WOODWARD: And – and that, you know, this – this is a serious worry. And, you know, just from the polling perspective, what are there almost half the people don't vote, right? And Trump is getting some of those people. The – the polls –

LERER: Right.

WOODWARD: There are good number on that because that’s maybe why people are worried.

WALLACE:  In addition to which, let's face it, if – if Trump is a target rich environment, so is Hillary Clinton.

LERER: Right.

WALLACE:  And Lord knows there’s plenty of oppo research to be done on her.

I want to ask one more thing here, Kristen. Trump is going to be in Washington tomorrow. He's going to meet with APAC, the pro-Israeli lobby. But he’s also supposedly going to have a meeting with a lot of mainstream Republicans. How possible is it that he could, having taken this stance to get this far in the primaries, change his tune. I mean not change it completely, but become a much more mainstream figure and somehow make a – an accommodation with the GOP establishment?

ANDERSON: I believe there are many in the GOP establishment who will want to co-opt Donald Trump, find a way to make peace with him, find a way that they can still show their face at a Republican convention that is nominating him and call themselves Republicans and sort of get through the next couple of months.

But I think there’s going to be a big division for the folks that consider themselves hard core conservatives who care deeply about things like limited government, who oppose someone who sounds like an authoritarian who wants to expand executive power, remain very troubled by him and might say, if he defines what it is to be a Republican, then maybe I'm not anymore.

WALLACE:  George?

WILL: Well, I think –

WALLACE:  Can – can the party – it's a big, big tent, can it expand to include Donald Trump at least through November or is this a – stretching it too far?

WILL: It cannot expand that far and remain a conservative party, which means it would be – if he's the nominee, there will be no conservative running in the race and the vishi (ph) Republicans, who are coming to terms with – as collaborators with the takeover of their party, have to understand that.

WALLACE:  And do you see a third party under those circumstances?

WILL: Possibly.

WALLACE:  Are you going to leave (ph) the ticket?

WILL: No, but I would vote for it.

WALLACE:  You would vote for it?

WILL: Certainly.

WALLACE: All right. Wow. I think we made some news ourselves.

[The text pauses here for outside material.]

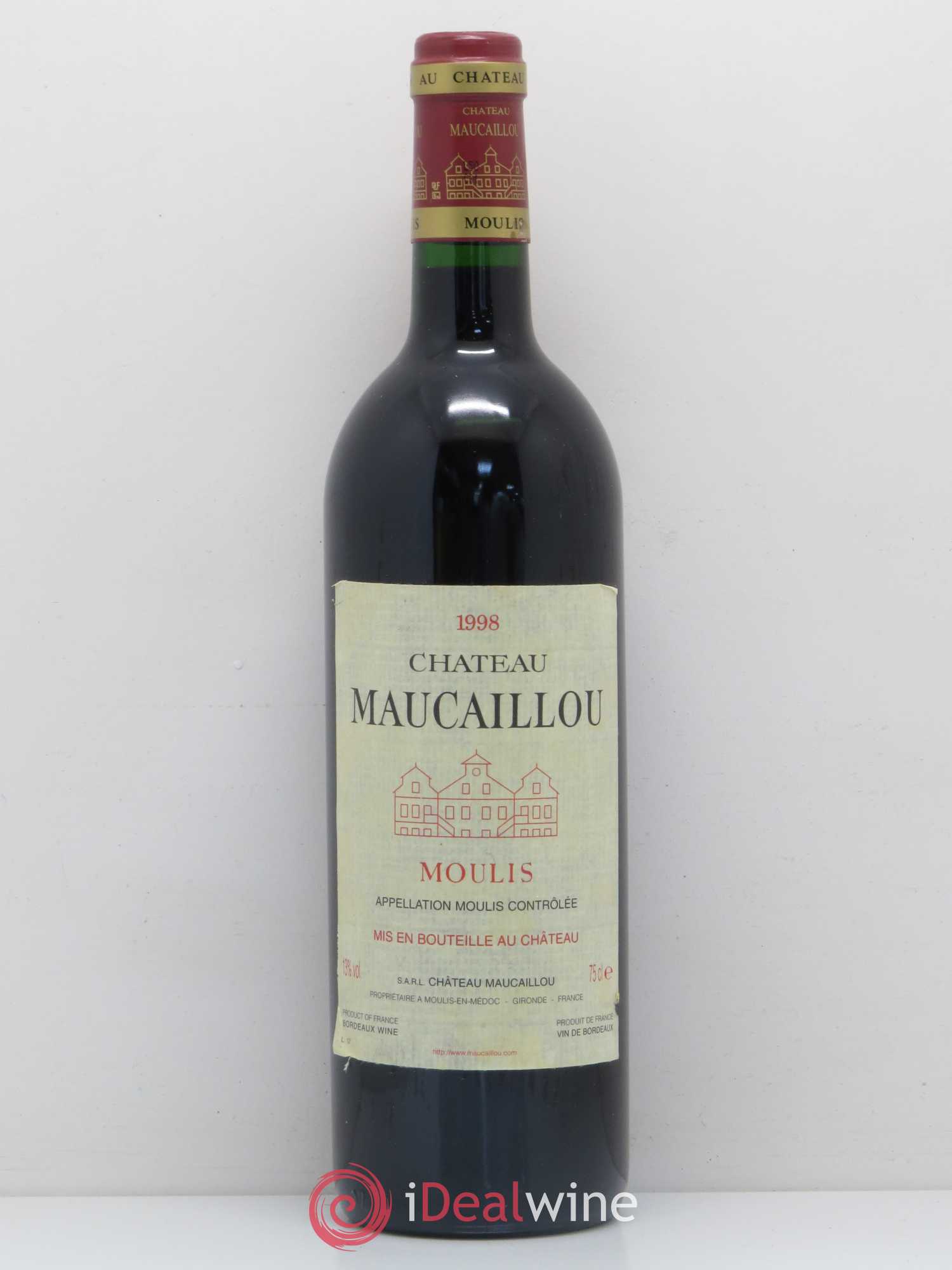 Château Maucaillou 1998 - Lot de 1 bouteille - 0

Thank you, panel. See you next Sunday.

Up next, our "Power Players of the Week." Washington's newest celebrities have a coming out party.


WALLACE:  D.C. was taken by storm this week. No, not by the presidential race or the new Supreme Court nominee. Someone more important stole the spotlight. A symbol of our nation. Here is a "Power Player of the Week."

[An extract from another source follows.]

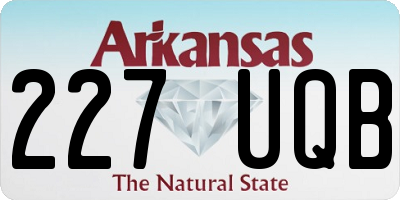 AR license plate 227UQB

WALLACE: (voice-over): Hundreds of thousands of avid viewers turned to the web Friday morning as an eaglet hatched from its shell at the National Arboretum. Even I got caught up in eaglet mania.

WALLACE (on camera): Let me know, how – how is the – the eaglet doing? Are we – any progress.

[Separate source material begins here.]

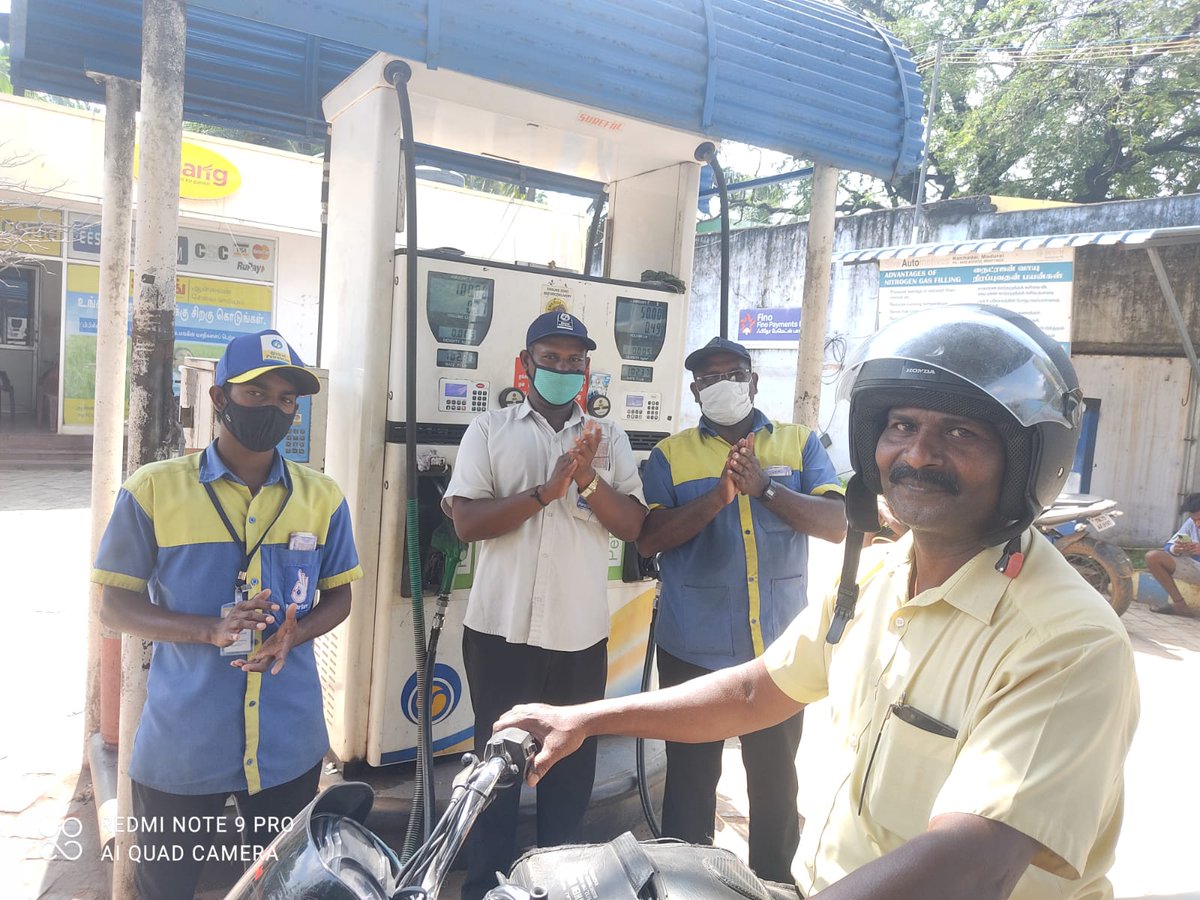 BpcRetailTvl's tweet photo. Congratulations to all the lucky customers who won Rs 200/- free fuel during #Happy Hours Campaign in the districts of Tirunelveli Retail Territory @BPCLimited @BPCLRetail @8singhi https://t.co/783uILZPB7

UNIDENTIFIED MALE: Almost all the way out. Mama’s back on top.

WALLACE (voice-over): Bird watchers have been minding the nest since mid-February when a pair of bald eagles laid two eggs. Excitement turned into anticipation when the first pip (ph), or crack, was seen late Wednesday on one egg. And Friday, just after 8:00 in the morning, a fuzzy wing flopped out and D.C. had its latest star.

The eaglet, named DC2 (ph), was quieted at first, but quickly pepped up. The proud parents nicknamed Mr. President and the First Lady, first nested there in 2014 when they gave birth to one eaglet. They take turns, one monitoring the nest while the other scavenges for food, often a big fish. The hatching is trending on FaceBook and the arboretum's eagle cam is getting millions of clicks.


WALLACE:  And on this first day of spring, we have a big, happy announcement. The second baby eaglet was born this morning. Forget March Madness and check out the eagle cam link on our website,

And now this program note. Be sure to watch Fox News Channel tomorrow night for a must see prime time lineup. Interviews with all three republican presidential candidates starting at 6:00 p.m. Eastern.

And that's it for today. Have a great week. And we'll see you next "Fox News Sunday."